続いて収入面で見ると、全体の37.7%がアニメ関係からの仕事が月収20万円以下、つまり年収240万円以下であると回答している。アニメ業界以外の仕事に従事しているかの質問には77.6%が「現在は従事していない」「従事したことがない」と回答しており、業界全体の4人に1人程度は年収240万円以下で生活しているとの結果になった。
さらに詳しく見ると、年齢別では20代の13%が月収10万円未満、67%が20万円未満と回答しており、年齢が上がるにつれて年収が上がっている様子が見えるが、日本の年代別平均年収と比べるとどの年齢層でも明らかに低調であることがわかる。
その一方で男女間での収入差は日本全体の値よりも小さいため、ここでも業界内での男女による仕事の差はあまり見られないことがわかる。アニメ業界は性別に関係のない実力主義のジョブ型雇用が一般的であり、男女雇用機会均等の観点からは比較的平等な業界であるとも言える。
次に収入を職種別で見ていくと、仕上げとシナリオライターの収入が突出して低く60%以上が月収20万円未満、アニメーターや美術もそれぞれ43%、45%が月収20万円未満、年収換算で240万円以下しかないことがわかる。しかしアニメーターはその一方で年収1000万円を超えるとの回答も11%存在し、腕を磨けばしっかりと稼げると言うことがわかった。その証拠に、アニメーターのキャリアアップ先と言われるキャラクター/メカデザインやプロップ/衣装デザインでは月収70万円以上、年収換算で840万円以上との回答が約15%にのぼった。また、前述の通り演出は超長時間労働で収入も全体的に高いとは言えないが、監督になると半数以上が月収50万円以上であると回答しており、この分野でも着実なキャリアアップが収入にも結びついている様子がうかがえる。
しかし日本全体の傾向を見るとプロジェクトマネージャーの平均年収は891.5万円であるとの調査結果もあり、アニメ業界全体の賃金が低く抑えられているとの見方もある。なお、最終学歴と収入の相関関係を見ていくと、高卒者と大学院修士課程修了者がさほど変わらない収入であること等から、やはり学歴よりも腕次第という業界であることが改めて裏づけられる結果となった。
ここまでの月間平均収入と労働時間を掛け合わせて時給換算をしてみると、600円〜800円相当となる比率が14%と最も多く、中央値でも1111円と、2024年3月現在の最低賃金の全国平均額1004円をやっと超えた数字、東京の最低賃金1113円より僅かに低い数字となった。
これらを職種別に見ると仕上げが最も安く中央値が667円、次いで音響関連が875円。一番高い職種は監督の2111円だった。
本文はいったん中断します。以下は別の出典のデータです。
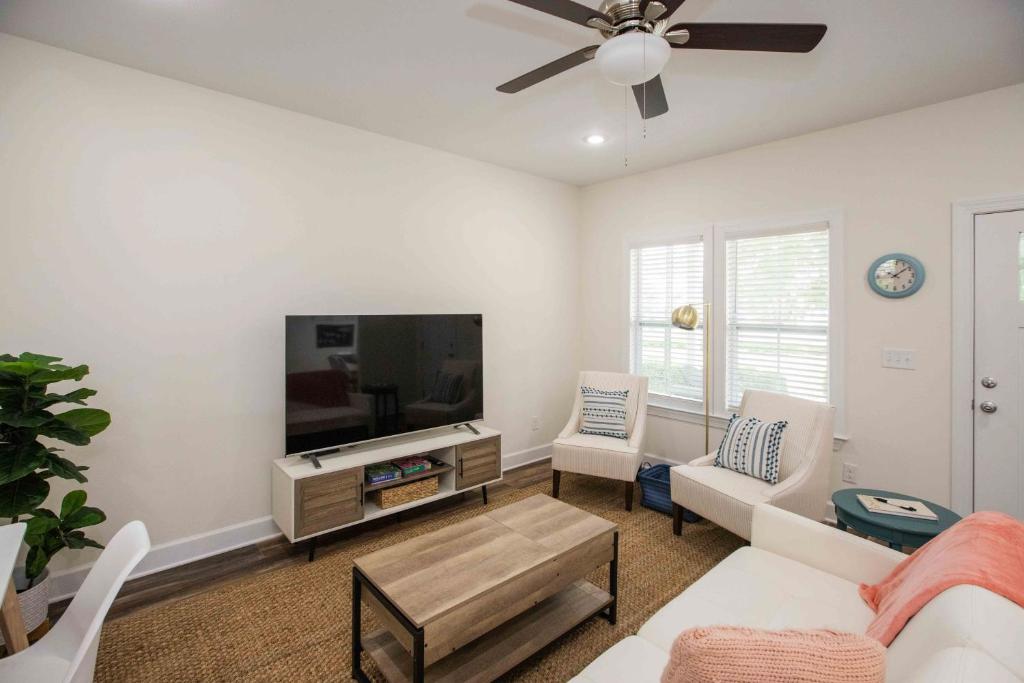 Chic Thomasville Home Walk to Downtown! photo 2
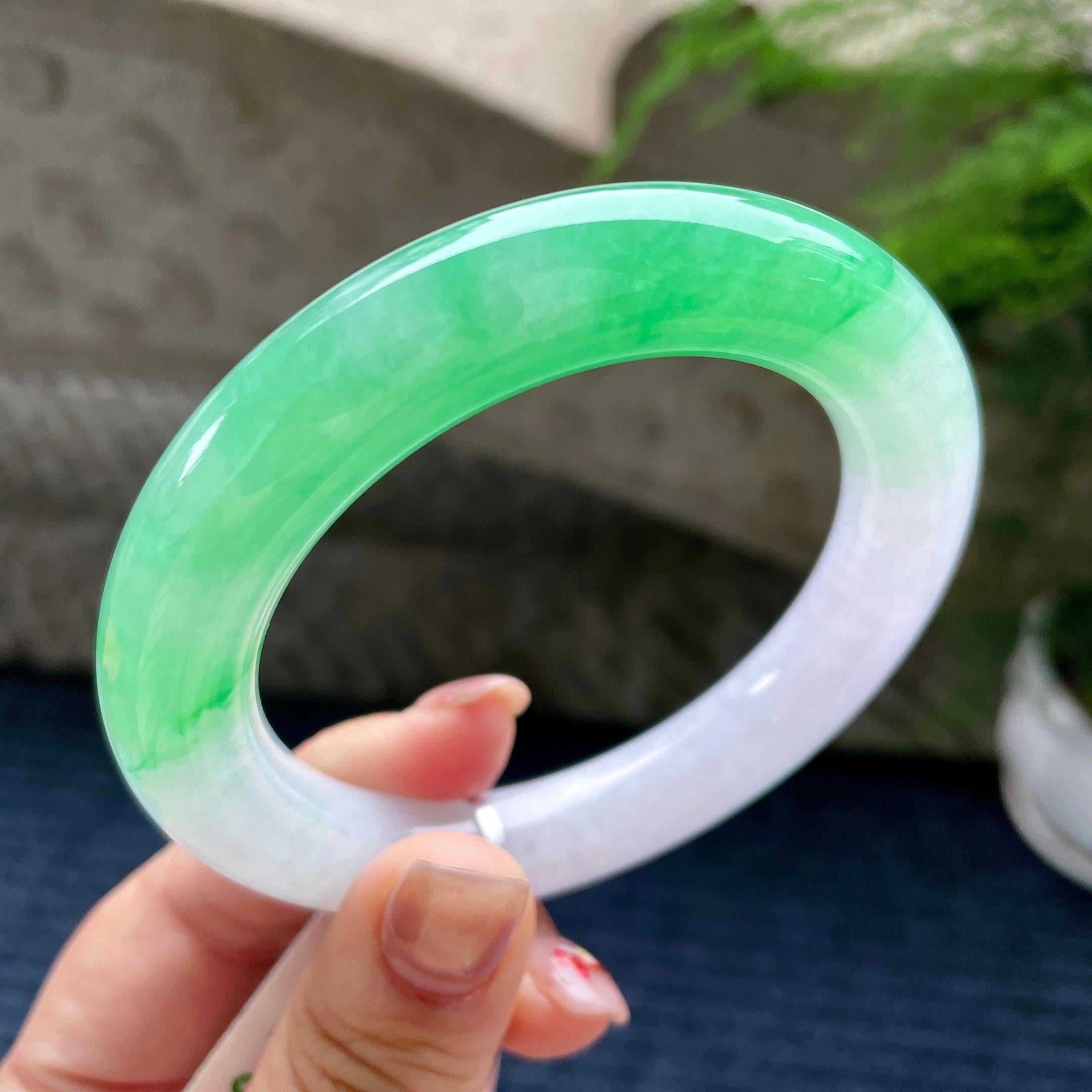 大圈口 糯冰种淡春彩阳绿圆条手镯59.2圈口 天然缅甸A货翡翠（yc350656）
業界内での格差もあるが、業界全体を俯瞰しても異常な低賃金状態であることがわかる。
業界に関する知識をどこから学んだか聞いたところ、現在の30代以上の年代では先輩や上司など職場でのつながりで仕事を覚えていたのが、30代未満ではその割合がぐっと減り、独学や学校、会社の研修の比率が増えている。かつて徒弟制度のように先輩後輩間で代々行われてきたアニメの技術承継が途絶える危機にあることがこのアンケートでも浮き彫りとなった。
次にハラスメントに関する項目を見ていくと、「ハラスメントを受けたことがある」が65.8%、「ハラスメントを見聞きしたことがある」が85.6%にのぼり、社会全体と比べるとアニメ業界でのハラスメントはやや多いと言える。その一方でこれらのハラスメントを報告した人は26.9%と低く、誰に相談したらいいのか、相談して解決してもらえるとの安心感がない実情がうかがえる。
今回の調査で雇用形態を聞いたところアニメ業界全体で正社員、契約社員あるいはアルバイトだと回答した割合は32%だが、制作関係、美術、CGのうち正社員、契約社員、アルバイトのいずれかであると答えた割合が80%を超えている。他の職種では80%程度かそれ以上がフリーランスであると回答しており、特定の職種以外はフリーランスがほとんどを占める業界だということが裏付けられた。
契約社員を含めた社員とフリーランスを比べると、収入の中央値は社員の方が高いものの、労働時間の中央値も社員の方が長く、時給換算した時の値は大きな違いがないことがわかる。さらに収入の上限を見るとフリーランスでは年収1000万円に迫る、あるいは超えている人も少数いる一方で、社員では年収840万円未満が、契約社員では720万円未満が上限となっており、安定はしているが取り立てて豊かとも言えない実態がうかがえる。